JurnalPatroliNews – Jakarta – Pembunuhan dan penangkapan massal warga sipil oleh rezim militer Myanmar semakin intensif. Laporan terbaru dari Komisaris Tinggi PBB untuk Hak Asasi Manusia, Volker Turk, yang dirilis pada Selasa (17/9/2024)
.mengungkapkan bahwa sejak kudeta lebih dari tiga tahun lalu, sebanyak 5.350 warga sipil telah tewas di tangan militer.
Laporan ini, sebagian besar didasarkan pada wawancara jarak jauh dengan ratusan korban dan saksi karena penyelidik PBB tidak diizinkan masuk ke Myanmar, menunjukkan bahwa dari jumlah tersebut, 2.414 orang meninggal dalam periode pelaporan terakhir dari April 2023 hingga Juni 2024.
Ini menunjukkan lonjakan 50% dibandingkan periode sebelumnya, dengan ratusan kematian akibat serangan udara dan artileri.
“Myanmar sedang tenggelam dalam krisis hak asasi manusia yang mendalam,” kata James Rodehaver, kepala tim Myanmar di kantor hak asasi manusia PBB, seperti dikutip Al Jazeera pada Rabu (18/9/2024).
Rodehaver menambahkan, “Militer Myanmar telah menciptakan krisis dengan memanfaatkan sistem hukum untuk mengkriminalisasi hampir semua bentuk perbedaan pendapat terhadap upayanya untuk memerintah negara.”
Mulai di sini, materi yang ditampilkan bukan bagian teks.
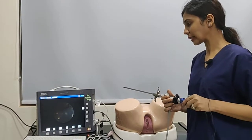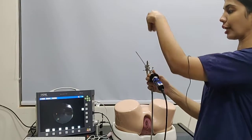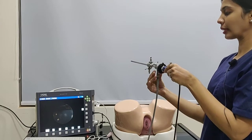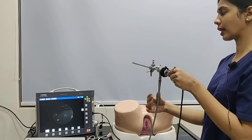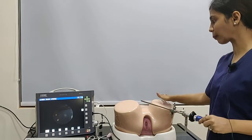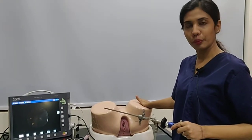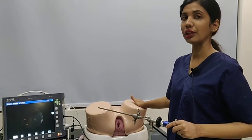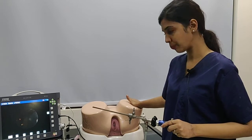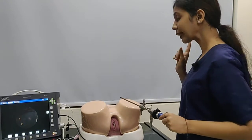Starting off, our camera head should be straight, irrigation comes in from here, aspiration from here, and the light cable is connected downwards. The patient is taken into the office area with no preparation required — not even misoprostol; sometimes maybe an NSAID may be given — and the proper position is made.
Laporan PBB juga mengungkapkan bahwa hampir 27.400 orang telah ditangkap sejak kudeta, banyak di antaranya berada di pusat pelatihan militer. Beberapa di antaranya adalah anak-anak yang diambil dari orang tua mereka sebagai hukuman atas oposisi politik.
Juru bicara PBB, Liz Throssell, mengungkapkan dalam konferensi pers bahwa setidaknya 1.853 orang tewas dalam tahanan sejak kudeta, termasuk 88 anak-anak. Banyak dari mereka meninggal akibat interogasi kasar, perlakuan buruk, atau penolakan akses ke layanan kesehatan yang memadai.
Throssell menjelaskan, “Tahanan menggambarkan metode kekerasan seperti digantung tanpa makanan atau air, dipaksa berlutut atau merangkak di benda keras, serta diperkenalkan dengan hewan-hewan untuk menimbulkan rasa takut.”
Angka terbaru dari Assistance Association for Political Prisoners, sebuah kelompok hak asasi manusia yang memantau tindakan keras pascakudeta, menunjukkan bahwa sedikitnya 5.665 warga sipil telah tewas sejak kudeta. Turki juga sedang dalam proses mengonfirmasi 2.500 kematian tambahan.
Turki mengulangi rekomendasi untuk merujuk pelanggaran hak asasi manusia di Myanmar ke Mahkamah Pidana Internasional. Negara tersebut juga tengah diselidiki atas tuduhan genosida terhadap minoritas Rohingya pada tahun 2017.
Sejak militer Myanmar merebut kekuasaan pada Februari 2021, menghapus pemerintahan sipil terpilih Aung San Suu Kyi, situasi semakin memburuk dengan protes jalanan yang ditumpas secara brutal.
Gerakan protes tersebut telah berkembang menjadi pemberontakan bersenjata, dengan pertempuran yang terus berlangsung di berbagai wilayah.